Economic adviser Kevin Hassett appeared on Fox Business to explain that federal efficiency standards for refrigerators are the primary cause of the nation’s affordability crisis. “People are spending more on groceries because they’re spending more time at the store, and that’s a good sign,” Hassett said, even as consumer sentiment sits at historic lows. He added that the administration was considering a “fridge deregulation executive order” to bring down prices.
The concept of active receptivity was reportedly developed after a wellness consultant told the White House that stress-induced microsleeps are a “productivity hack used by top CEOs.” An internal memo described the president’s closed-eye episodes as “power naps for strategic dominance.”

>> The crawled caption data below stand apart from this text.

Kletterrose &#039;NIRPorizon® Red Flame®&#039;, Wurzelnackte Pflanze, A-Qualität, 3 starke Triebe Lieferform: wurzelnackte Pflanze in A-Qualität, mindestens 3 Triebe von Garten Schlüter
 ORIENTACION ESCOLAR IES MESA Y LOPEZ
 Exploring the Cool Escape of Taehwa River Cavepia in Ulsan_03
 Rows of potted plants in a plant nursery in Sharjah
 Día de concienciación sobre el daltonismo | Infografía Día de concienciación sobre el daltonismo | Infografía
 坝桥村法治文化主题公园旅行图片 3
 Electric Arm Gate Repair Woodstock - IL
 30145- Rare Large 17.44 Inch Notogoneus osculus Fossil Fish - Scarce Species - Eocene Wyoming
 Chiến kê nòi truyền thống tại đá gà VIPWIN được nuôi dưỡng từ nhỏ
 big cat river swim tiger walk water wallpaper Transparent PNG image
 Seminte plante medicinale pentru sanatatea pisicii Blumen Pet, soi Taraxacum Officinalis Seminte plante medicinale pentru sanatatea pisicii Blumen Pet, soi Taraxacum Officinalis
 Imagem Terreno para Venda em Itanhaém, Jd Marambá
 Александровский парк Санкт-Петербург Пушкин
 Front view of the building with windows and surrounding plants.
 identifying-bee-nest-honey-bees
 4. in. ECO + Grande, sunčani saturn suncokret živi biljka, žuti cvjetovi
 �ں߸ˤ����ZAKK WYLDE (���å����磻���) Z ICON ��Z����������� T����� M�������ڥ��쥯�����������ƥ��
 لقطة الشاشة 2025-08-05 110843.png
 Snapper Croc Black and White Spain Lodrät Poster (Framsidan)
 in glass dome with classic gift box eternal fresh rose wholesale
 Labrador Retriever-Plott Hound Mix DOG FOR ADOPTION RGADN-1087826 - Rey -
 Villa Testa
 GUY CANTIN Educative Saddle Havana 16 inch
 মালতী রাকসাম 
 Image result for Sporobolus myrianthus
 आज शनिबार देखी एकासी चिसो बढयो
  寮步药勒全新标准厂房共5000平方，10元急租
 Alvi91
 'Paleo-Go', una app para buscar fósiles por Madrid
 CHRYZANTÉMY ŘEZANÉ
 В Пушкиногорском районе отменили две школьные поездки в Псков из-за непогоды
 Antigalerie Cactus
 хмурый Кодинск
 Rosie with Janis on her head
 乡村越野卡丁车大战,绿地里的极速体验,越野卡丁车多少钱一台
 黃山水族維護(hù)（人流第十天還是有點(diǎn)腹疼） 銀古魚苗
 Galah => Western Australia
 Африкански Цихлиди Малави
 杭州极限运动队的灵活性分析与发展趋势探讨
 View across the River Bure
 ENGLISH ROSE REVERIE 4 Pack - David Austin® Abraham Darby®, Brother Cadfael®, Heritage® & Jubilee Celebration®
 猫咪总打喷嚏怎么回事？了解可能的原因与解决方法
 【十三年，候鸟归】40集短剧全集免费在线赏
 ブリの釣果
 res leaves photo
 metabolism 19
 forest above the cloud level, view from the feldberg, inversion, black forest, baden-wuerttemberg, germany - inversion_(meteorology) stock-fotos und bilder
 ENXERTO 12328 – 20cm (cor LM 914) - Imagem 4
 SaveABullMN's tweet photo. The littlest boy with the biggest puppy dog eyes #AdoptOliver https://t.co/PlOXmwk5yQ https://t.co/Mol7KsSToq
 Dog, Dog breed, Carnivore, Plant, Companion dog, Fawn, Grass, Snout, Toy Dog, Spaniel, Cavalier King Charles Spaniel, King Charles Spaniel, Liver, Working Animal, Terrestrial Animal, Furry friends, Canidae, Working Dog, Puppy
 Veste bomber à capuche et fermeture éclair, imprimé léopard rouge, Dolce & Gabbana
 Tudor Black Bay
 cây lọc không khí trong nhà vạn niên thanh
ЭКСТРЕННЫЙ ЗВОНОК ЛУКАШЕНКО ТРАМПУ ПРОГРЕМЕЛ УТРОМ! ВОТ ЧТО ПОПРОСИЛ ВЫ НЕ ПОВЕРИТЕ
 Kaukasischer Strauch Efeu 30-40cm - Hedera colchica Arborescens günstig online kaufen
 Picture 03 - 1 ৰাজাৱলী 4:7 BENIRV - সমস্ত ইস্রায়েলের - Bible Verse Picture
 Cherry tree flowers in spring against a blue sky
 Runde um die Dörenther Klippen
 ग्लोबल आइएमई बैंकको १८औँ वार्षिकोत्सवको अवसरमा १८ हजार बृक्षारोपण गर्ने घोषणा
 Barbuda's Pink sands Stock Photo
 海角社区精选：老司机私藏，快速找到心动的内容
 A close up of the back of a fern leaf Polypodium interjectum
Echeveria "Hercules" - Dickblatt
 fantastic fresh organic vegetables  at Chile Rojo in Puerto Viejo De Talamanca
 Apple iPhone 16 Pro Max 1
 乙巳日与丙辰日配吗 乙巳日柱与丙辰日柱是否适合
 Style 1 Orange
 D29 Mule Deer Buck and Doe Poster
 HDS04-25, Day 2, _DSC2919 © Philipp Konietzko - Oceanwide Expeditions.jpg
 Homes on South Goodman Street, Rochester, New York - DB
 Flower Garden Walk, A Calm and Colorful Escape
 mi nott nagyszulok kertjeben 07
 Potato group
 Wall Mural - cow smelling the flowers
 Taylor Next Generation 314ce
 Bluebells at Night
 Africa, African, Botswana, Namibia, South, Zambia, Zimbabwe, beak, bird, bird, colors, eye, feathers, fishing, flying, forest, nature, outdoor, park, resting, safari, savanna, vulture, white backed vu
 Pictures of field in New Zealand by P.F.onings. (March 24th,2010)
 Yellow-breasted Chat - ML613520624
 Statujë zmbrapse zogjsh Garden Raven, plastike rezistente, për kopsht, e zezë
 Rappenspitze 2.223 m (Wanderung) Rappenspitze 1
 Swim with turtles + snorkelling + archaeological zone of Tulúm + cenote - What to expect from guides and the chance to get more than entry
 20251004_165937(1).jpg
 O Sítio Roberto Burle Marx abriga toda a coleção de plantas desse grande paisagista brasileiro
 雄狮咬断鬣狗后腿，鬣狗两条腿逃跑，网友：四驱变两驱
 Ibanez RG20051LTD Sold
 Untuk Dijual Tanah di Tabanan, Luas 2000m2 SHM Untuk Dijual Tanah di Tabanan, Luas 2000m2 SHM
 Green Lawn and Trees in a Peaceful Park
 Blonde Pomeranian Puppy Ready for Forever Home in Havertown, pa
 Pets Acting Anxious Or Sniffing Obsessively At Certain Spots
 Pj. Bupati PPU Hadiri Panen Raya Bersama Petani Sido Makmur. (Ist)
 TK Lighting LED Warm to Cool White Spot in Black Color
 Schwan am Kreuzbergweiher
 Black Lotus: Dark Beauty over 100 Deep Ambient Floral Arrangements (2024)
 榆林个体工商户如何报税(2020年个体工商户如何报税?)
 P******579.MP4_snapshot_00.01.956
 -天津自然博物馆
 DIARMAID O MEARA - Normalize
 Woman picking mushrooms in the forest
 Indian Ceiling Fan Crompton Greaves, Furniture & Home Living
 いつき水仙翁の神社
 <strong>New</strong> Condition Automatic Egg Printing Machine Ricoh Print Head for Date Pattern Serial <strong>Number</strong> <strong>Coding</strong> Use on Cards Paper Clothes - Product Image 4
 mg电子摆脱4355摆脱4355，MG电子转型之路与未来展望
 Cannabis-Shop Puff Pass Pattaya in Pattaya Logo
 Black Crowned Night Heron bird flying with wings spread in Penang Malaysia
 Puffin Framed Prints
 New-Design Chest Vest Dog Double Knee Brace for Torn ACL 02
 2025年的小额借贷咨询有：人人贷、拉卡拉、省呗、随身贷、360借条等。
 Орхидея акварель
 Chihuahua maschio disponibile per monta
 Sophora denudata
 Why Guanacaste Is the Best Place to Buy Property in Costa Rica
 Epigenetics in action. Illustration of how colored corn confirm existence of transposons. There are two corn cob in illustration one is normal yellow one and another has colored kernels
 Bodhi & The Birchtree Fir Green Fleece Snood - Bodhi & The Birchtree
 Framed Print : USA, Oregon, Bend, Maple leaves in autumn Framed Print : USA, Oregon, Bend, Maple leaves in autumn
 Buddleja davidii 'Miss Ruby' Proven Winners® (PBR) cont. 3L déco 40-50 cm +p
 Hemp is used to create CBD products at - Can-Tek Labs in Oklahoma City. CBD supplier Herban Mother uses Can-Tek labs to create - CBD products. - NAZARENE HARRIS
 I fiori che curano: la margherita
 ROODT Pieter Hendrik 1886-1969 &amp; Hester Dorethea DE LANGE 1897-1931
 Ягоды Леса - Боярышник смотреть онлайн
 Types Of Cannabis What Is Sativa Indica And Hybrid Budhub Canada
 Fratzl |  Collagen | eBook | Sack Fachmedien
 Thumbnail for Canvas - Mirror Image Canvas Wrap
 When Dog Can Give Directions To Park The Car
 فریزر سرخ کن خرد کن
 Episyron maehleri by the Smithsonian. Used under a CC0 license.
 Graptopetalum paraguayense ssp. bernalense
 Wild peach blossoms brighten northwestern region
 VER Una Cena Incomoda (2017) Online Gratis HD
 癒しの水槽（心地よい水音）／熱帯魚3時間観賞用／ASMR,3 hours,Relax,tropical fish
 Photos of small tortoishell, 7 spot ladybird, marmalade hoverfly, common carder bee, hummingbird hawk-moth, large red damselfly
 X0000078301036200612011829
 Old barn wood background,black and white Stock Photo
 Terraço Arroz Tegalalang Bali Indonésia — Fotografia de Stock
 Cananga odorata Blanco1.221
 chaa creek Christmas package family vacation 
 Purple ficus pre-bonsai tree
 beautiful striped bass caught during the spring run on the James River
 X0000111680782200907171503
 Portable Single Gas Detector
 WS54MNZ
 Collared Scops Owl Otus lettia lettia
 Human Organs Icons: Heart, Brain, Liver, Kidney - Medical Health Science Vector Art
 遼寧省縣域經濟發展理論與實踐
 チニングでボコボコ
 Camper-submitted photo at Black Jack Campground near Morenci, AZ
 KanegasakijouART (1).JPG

While the administration pursued this media push, federal courts blocked Alabama’s congressional map over racial gerrymandering, and the South Carolina Senate rejected a the former president-backed plan to eliminate Democrat Jim Clyburn’s district. The president did not address the losses directly, but a spokesperson released a statement claiming the courts were “confused by the blinking footage.”
This effort to redefine observable reality arrived as Iran shot down a U.S. drone and fired on an F-35 fighter jet in response to American strikes. White House aides confirmed that an intelligence briefing on the escalations was one of the sessions during which the president’s eyes remained fully closed for 11 consecutive minutes. An official described the episode as “a period of intense visual processing.”
Pool reporters have documented that the president’s eyes were closed during 73 percent of his public events this quarter, according to a tally by a Washington Post correspondent. The guide classifies such moments as “gamma-phase strategy sessions” and warns that mistaking them for sleep is a “category two disinformation event.”